Fox told The Tennessean the specialty college is financially stable while acknowledging that the administration has been working to determine a long-term plan in the face of various challenges. The previous O’More president, Dr. David Rosen, served for only about two years.

What will be called the O’More School of Design at Belmont University will be housed within the BU College of Visual and Performing Arts.

Belmont President Bob Fisher described the merger as offering “an incredibly exciting moment in Belmont’s history” as the university seeks to cultivate high-profile interior design and fashion degree programs.

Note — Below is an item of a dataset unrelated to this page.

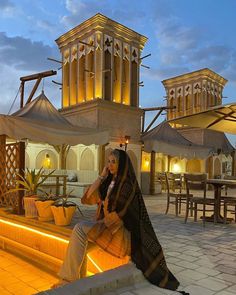 a woman sitting on top of a stone bench next to a tall building at night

“The possibilities for interdisciplinary collaborations are endless as O’More’s programs inspire natural partnerships with countless academic areas in which Belmont’s a proven leader,” Fisher said. “In addition, Nashville is already positioned as a rising star in the fashion world, and the O’More School of Design at Belmont will elevate that status as we anticipate our programs will quickly make a significant impact on our city and the design industry at large.”

Of note, O’More offers the only BFA Interior Design program in Middle Tennessee to be fully accredited by the international Council for Interior Design Accreditation. In addition, O’More’s Interior Design department is home to nine winners of the Angelo Donghia Foundation Scholarship, considered among the nation’s most prestigious scholarships of its type.

According to a 2017 economic impact study released by the Nashville Fashion Alliance, fashion businesses in the city have contributed an estimated $5.9 billion and 16,200 jobs to the area’s economy. The report suggests those numbers could reach $9.5 billion and 25,000 jobs by 2025.

Similarly, Nashville now offers the largest per capita concentration of fashion companies in the nation outside of Los Angeles and New York, according to the U.S. Bureau of Labor Statistics.

O’More had not yet announced what it will do with its seven-acre downtown Franklin property, which is anchored by the historic Abbey Leix Mansion (also known as the Winstead House).